Return the data that follows exactly. Include every line.
^^^^
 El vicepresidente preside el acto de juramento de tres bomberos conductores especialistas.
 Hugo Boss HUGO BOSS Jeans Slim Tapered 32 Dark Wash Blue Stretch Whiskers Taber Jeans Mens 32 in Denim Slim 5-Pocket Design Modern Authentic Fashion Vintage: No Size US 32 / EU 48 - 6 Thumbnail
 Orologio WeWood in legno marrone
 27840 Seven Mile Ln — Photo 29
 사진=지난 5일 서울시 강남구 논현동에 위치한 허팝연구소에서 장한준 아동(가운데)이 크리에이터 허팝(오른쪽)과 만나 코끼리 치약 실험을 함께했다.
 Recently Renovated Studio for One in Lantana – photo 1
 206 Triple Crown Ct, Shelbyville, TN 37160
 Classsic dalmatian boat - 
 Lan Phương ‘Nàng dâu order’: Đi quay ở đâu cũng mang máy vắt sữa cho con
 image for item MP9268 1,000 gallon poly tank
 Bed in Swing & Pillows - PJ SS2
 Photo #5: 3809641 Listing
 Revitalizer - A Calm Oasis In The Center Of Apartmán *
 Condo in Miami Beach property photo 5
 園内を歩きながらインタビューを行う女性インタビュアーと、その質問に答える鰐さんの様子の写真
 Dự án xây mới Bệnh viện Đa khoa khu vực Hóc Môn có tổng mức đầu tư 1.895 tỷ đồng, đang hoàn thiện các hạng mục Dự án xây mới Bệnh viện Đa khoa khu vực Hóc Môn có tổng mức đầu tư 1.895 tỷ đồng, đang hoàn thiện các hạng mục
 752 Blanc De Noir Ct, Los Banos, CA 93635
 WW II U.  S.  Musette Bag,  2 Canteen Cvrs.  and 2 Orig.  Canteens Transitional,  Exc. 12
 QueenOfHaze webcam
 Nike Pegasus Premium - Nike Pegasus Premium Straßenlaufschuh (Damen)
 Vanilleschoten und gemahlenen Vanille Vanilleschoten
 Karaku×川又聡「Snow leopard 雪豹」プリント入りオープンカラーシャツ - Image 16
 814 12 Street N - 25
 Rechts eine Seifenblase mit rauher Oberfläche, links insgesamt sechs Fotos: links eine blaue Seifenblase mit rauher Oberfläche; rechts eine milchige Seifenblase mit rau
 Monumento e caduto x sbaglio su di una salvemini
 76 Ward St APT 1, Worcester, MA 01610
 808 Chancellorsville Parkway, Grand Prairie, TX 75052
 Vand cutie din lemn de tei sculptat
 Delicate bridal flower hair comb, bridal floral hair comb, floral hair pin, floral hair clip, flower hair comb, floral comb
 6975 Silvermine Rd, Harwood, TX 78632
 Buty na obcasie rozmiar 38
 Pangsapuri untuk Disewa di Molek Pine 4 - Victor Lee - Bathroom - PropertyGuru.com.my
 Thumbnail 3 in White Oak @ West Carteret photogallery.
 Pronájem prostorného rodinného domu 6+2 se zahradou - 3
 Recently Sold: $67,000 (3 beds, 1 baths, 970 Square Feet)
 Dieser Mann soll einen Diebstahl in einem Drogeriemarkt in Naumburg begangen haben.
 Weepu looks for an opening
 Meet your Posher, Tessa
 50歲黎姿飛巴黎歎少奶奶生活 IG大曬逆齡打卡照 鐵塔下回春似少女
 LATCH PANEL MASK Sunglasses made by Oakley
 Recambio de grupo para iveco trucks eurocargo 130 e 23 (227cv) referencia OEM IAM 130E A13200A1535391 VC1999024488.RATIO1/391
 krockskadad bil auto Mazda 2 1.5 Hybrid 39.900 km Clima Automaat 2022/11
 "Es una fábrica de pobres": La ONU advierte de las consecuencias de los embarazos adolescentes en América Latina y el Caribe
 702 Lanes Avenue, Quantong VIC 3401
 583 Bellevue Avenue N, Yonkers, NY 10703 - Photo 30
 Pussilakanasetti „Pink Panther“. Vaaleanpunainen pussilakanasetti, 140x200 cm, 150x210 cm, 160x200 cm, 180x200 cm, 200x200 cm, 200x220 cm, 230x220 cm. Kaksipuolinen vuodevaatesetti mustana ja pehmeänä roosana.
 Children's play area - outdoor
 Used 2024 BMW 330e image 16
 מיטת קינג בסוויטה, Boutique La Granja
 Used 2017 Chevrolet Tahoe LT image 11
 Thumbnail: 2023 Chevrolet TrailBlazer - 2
^^^^
● **Reply**:
 El vicepresidente preside el acto de juramento de tres bomberos conductores especialistas.
 Hugo Boss HUGO BOSS Jeans Slim Tapered 32 Dark Wash Blue Stretch Whiskers Taber Jeans Mens 32 in Denim Slim 5-Pocket Design Modern Authentic Fashion Vintage: No Size US 32 / EU 48 - 6 Thumbnail
 Orologio WeWood in legno marrone
 27840 Seven Mile Ln — Photo 29
 사진=지난 5일 서울시 강남구 논현동에 위치한 허팝연구소에서 장한준 아동(가운데)이 크리에이터 허팝(오른쪽)과 만나 코끼리 치약 실험을 함께했다.
 Recently Renovated Studio for One in Lantana – photo 1
 206 Triple Crown Ct, Shelbyville, TN 37160
 Classsic dalmatian boat - 
 Lan Phương ‘Nàng dâu order’: Đi quay ở đâu cũng mang máy vắt sữa cho con
 image for item MP9268 1,000 gallon poly tank
 Bed in Swing & Pillows - PJ SS2
 Photo #5: 3809641 Listing
 Revitalizer - A Calm Oasis In The Center Of Apartmán *
 Condo in Miami Beach property photo 5
 園内を歩きながらインタビューを行う女性インタビュアーと、その質問に答える鰐さんの様子の写真
 Dự án xây mới Bệnh viện Đa khoa khu vực Hóc Môn có tổng mức đầu tư 1.895 tỷ đồng, đang hoàn thiện các hạng mục Dự án xây mới Bệnh viện Đa khoa khu vực Hóc Môn có tổng mức đầu tư 1.895 tỷ đồng, đang hoàn thiện các hạng mục
 752 Blanc De Noir Ct, Los Banos, CA 93635
 WW II U.  S.  Musette Bag,  2 Canteen Cvrs.  and 2 Orig.  Canteens Transitional,  Exc. 12
 QueenOfHaze webcam
 Nike Pegasus Premium - Nike Pegasus Premium Straßenlaufschuh (Damen)
 Vanilleschoten und gemahlenen Vanille Vanilleschoten
 Karaku×川又聡「Snow leopard 雪豹」プリント入りオープンカラーシャツ - Image 16
 814 12 Street N - 25
 Rechts eine Seifenblase mit rauher Oberfläche, links insgesamt sechs Fotos: links eine blaue Seifenblase mit rauher Oberfläche; rechts eine milchige Seifenblase mit rau
 Monumento e caduto x sbaglio su di una salvemini
 76 Ward St APT 1, Worcester, MA 01610
 808 Chancellorsville Parkway, Grand Prairie, TX 75052
 Vand cutie din lemn de tei sculptat
 Delicate bridal flower hair comb, bridal floral hair comb, floral hair pin, floral hair clip, flower hair comb, floral comb
 6975 Silvermine Rd, Harwood, TX 78632
 Buty na obcasie rozmiar 38
 Pangsapuri untuk Disewa di Molek Pine 4 - Victor Lee - Bathroom - PropertyGuru.com.my
 Thumbnail 3 in White Oak @ West Carteret photogallery.
 Pronájem prostorného rodinného domu 6+2 se zahradou - 3
 Recently Sold: $67,000 (3 beds, 1 baths, 970 Square Feet)
 Dieser Mann soll einen Diebstahl in einem Drogeriemarkt in Naumburg begangen haben.
 Weepu looks for an opening
 Meet your Posher, Tessa
 50歲黎姿飛巴黎歎少奶奶生活 IG大曬逆齡打卡照 鐵塔下回春似少女
 LATCH PANEL MASK Sunglasses made by Oakley
 Recambio de grupo para iveco trucks eurocargo 130 e 23 (227cv) referencia OEM IAM 130E A13200A1535391 VC1999024488.RATIO1/391
 krockskadad bil auto Mazda 2 1.5 Hybrid 39.900 km Clima Automaat 2022/11
 "Es una fábrica de pobres": La ONU advierte de las consecuencias de los embarazos adolescentes en América Latina y el Caribe
 702 Lanes Avenue, Quantong VIC 3401
 583 Bellevue Avenue N, Yonkers, NY 10703 - Photo 30
 Pussilakanasetti „Pink Panther“. Vaaleanpunainen pussilakanasetti, 140x200 cm, 150x210 cm, 160x200 cm, 180x200 cm, 200x200 cm, 200x220 cm, 230x220 cm. Kaksipuolinen vuodevaatesetti mustana ja pehmeänä roosana.
 Children's play area - outdoor
 Used 2024 BMW 330e image 16
 מיטת קינג בסוויטה, Boutique La Granja
 Used 2017 Chevrolet Tahoe LT image 11
 Thumbnail: 2023 Chevrolet TrailBlazer - 2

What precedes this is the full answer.